Nr. 10 der vom Verwalter aufgestellten Hausordnung lautet wie folgt:

Jeder ruhestörende Lärm ist zu unterlassen. Die Mittagsruhe von 12.00 Uhr bis 15.00 Uhr muß gewahrt bleiben. Besondere Rücksicht ist beim Musizieren und beim Betrieb von Plattenspielern, Rundfunk- und Fernsehgeräten sowie Elektrogeräten (Staubsauger) zu üben. Zimmerlautstärke darf auf keinen Fall überschritten werden. Insbesondere ist darauf in der Zeit von 12.00 Uhr bis 15.00 Uhr zu achten. Ebenso von 22.00 Uhr bis 7.00 Uhr.

Die Benutzung von Lautsprechern und Musikinstrumenten auf den Balkonen oder an offenen Fenstern ist untersagt.

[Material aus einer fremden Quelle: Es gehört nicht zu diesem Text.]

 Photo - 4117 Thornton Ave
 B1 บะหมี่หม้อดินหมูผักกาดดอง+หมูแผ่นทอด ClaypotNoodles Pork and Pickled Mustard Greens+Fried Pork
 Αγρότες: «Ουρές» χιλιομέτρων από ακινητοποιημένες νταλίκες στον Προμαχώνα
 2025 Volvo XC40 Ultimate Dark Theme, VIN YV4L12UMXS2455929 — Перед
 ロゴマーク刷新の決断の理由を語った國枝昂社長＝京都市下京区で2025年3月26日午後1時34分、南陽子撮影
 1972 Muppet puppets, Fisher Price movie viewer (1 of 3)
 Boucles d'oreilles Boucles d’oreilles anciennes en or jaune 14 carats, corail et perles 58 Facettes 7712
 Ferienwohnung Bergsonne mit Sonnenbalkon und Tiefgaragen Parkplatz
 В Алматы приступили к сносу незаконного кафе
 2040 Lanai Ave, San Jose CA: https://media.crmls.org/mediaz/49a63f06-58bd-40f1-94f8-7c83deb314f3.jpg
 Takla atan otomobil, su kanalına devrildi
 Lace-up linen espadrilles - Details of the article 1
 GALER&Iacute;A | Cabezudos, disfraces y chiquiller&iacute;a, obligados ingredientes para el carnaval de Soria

Die Antragstellerin hat beantragt, die Antragsgegnerin zur Unterlassung des Klavierspiels über Zimmerlautstärke in ihrer Wohnung zu verpflichten und ihr für jeden Fall der Zuwiderhandlung Ordnungsmittel anzudrohen. Das Amtsgericht hat den Antrag am 22.2.2001 abgewiesen. Das Landgericht hat durch Beschluß vom 23.5.2001 die sofortige Beschwerde der Antragstellerin zurückgewiesen. Dagegen richtet sich deren sofortige weitere Beschwerde.

II.

Das Rechtsmittel hat Erfolg.

1. Das Landgericht hat ausgeführt: Klavierspielen in Zimmerlautstärke sei sinnvoll nicht möglich, so daß die Hausordnung ein faktisches Musizierverbot enthalte. Musizieren in der eigenen Wohnung zähle zum Grundrecht auf freie Entfaltung der Persönlichkeit und sei zugleich Ausfluß des Sondereigentums. Dieses Recht finde aber seine Grenze dort, wo das gleiche Recht anderer berührt werde. Eine Gebrauchsregelung durch Vereinbarung liege mit der Hausordnung nicht vor. Diese habe vielmehr die Rechtsqualität einer Gebrauchsregelung durch Eigentümerbeschluß. Eine solche könne die Musikausübung nicht grundsätzlich untersagen, wohl aber auf bestimmte Zeiten beschränken. Der faktisch völlige Ausschluß einer Musikausübung in der Hausordnung sei wegen Verstoßes gegen die guten Sitten nichtig.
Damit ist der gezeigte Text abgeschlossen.